Problemem numer jeden jest to, jak domknąć lukę finansową między bieżącymi potrzebami utrzymania torów a o połowę mniejszymi wpływami PLK.
- Należy zmienić ich stan prawnoorganizacyjny - twierdzi Józef Marek Kowalczyk, przewodniczący Komitetu Infrastruktury Gospodarczej KIG.
Przywołuje on model finansowania, utrzymania i budowy dróg publicznych.
Są one własnością Skarbu Państwa lub samorządów terytorialnych, a poszczególne ich odcinki administrują specjalne zarządy dróg. W konsekwencji pieniądze na utrzymanie tych dróg wykładają państwo i samorządy. Tymczasem infrastruktura kolejowa jest własnością spółek prawa handlowego.
Wszystkie koszty pokrywają z opłat dostępu do torów, jakie uzyskują od przewoźników. Dlatego są one w Polsce jednymi z najwyższych w Europie.
Zdaniem eksperta KIG, Komisja Europejska w szczególności zaleca, by państwa członkowskie podpisywały z zarządcami infrastruktury kolejowej wieloletnie (5-15 lat) kontrakty, w których określane są jej parametry jakościowe do uzyskania, w zamian za otrzymywane od państwa lub samorządów terytorialnych pieniądze. Daje to gwarancję obu stronom, a także racjonalizuje wydatki. Tymczasem obecny system rocznego budżetowania sprawia, że przyznane środki "muszą" być wykorzystane do końca grudnia pod groźbą ich przepadku w następnym roku, czyli niekoniecznie efektywnie.
Taka zmiana stworzyłaby przesłanki do budowy rynku zarządców infrastruktury kolejowej i zaistnienia konkurencji także w tym segmencie rynku kolejowego.
- Ależ my też zabiegamy o wieloletnie kontrakty, już w 2009 roku mieliśmy wstępne uzgodnienia z MI - mówi wiceprezes Giedryś. - Najważniejsza jest jednak kwestia, jakie pieniądze będą stały za takim kontraktem.
Brakuje pieniędzy, a przecież kolej ma zagwarantowane środki unijne. Na podstawowej liście działania 7.4. PO Infrastruktura i Środowisko na infrastrukturę kolejową przyznano na lata 2007-13 blisko 31 mld zł. Na co więc idą tak duże pieniądze?

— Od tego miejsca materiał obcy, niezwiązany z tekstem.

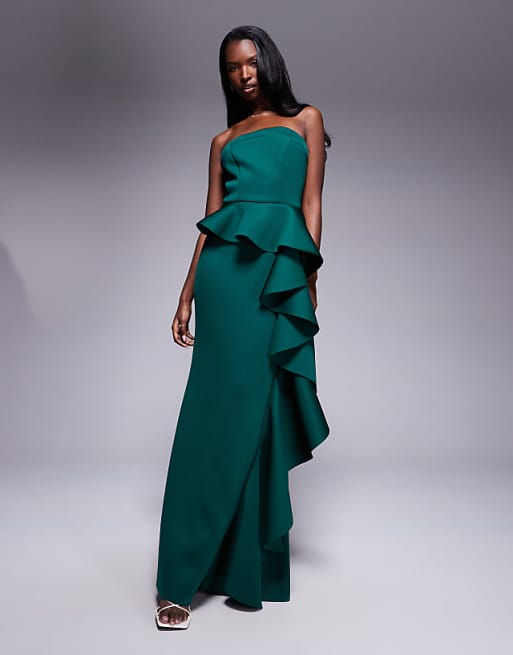 asos Goddiva Boobtube peplum waterfall frill maxi dress in emerald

Okazuje się, że na współfinansowanie projektów remontu linii, na włączenie regionalnych linii kolejowych do projektu TEN-T (paneuropejskiej sieci transportowej), na niektóre prace studialne czy systemy sterowania ruchem pociągów ERTMS.

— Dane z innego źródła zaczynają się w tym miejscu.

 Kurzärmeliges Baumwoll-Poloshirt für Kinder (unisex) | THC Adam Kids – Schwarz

Pikanterii sprawie dodaje fakt, że z jednej strony PLK nie ma pieniędzy na bieżące remonty torów, z drugiej - ograniczone są możliwości przerobu środków z PI OŚ. Wynika to i z potrzeby wyłożenia pieniędzy, aby otrzymać później zwrot zaliczek, i dofinansowania, jak i z barier formalnych i organizacyjnych.
Wszystkie unijne projekty podlegają specjalnej procedurze i muszą uzyskać pełną dokumentację środowiskową, co w naszych warunkach trwa minimum dwa lata. Ograniczona jest "moc przerobowa" biur projektowych, które przez... 30 lat braku zleceń zwiędły.

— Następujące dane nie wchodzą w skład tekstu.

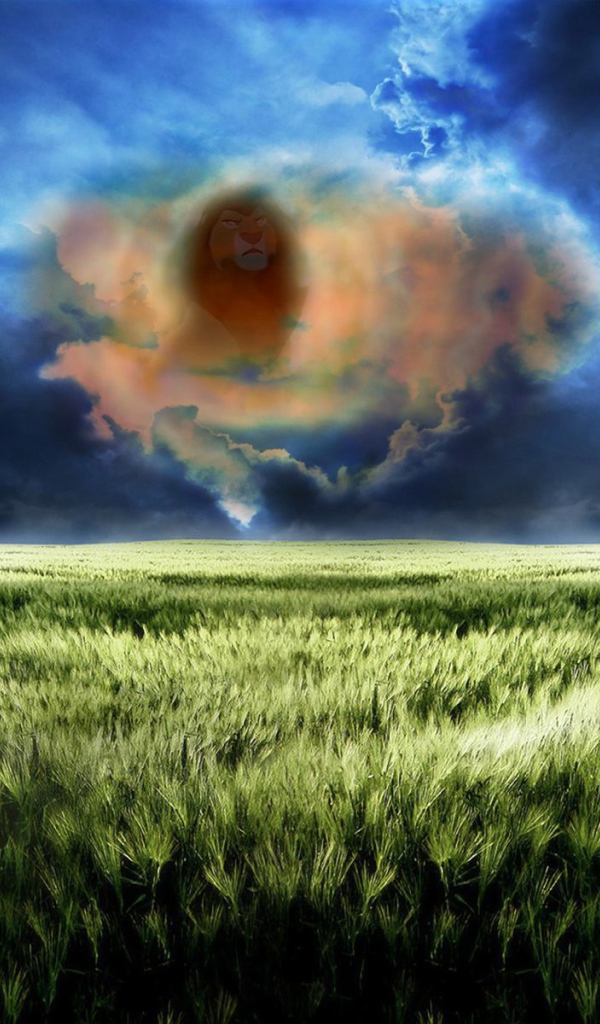 Лицо льва в облаке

Z drugiej strony PLK żyje pod presją czasu - projekty modernizacyjne muszą zostać zakończone do końca 2014 roku. Dotychczas PLK podpisała 32 kontrakty na kwotę 17,1 mld zł. Okazało się, że bijący się o zlecenia wykonawcy zaoferowali usługi średnio o 38 proc. tańsze od kosztorysu inwestorskiego.
W ten sposób PLK zaoszczędziła 6,3 mld zł. I powstał problem! Skoro PLK nie jest w stanie ich zagospodarować, minister infrastruktury podjął - w porozumieniu z pozostałymi członkami rządu - decyzję, aby przesunąć 4,8 mld zł dotacji na koleje z PI OŚ na inwestycje drogowe.
Nie wiadomo, co bardziej było skuteczne - donosy obywatelskie z Polski czy pryncypialna postawa KE. Już w lipcu poinformowała ona rząd polski, że nie jest skłonna przenieść pieniędzy z PI OŚ z kolei na drogi. Kraje mają przecież realizować politykę zrównoważonego rozwoju, a w Polsce już występuje dysproporcja inwestycji na drogi i koleje w porównaniu z rekomendowanymi przez UE (60:40).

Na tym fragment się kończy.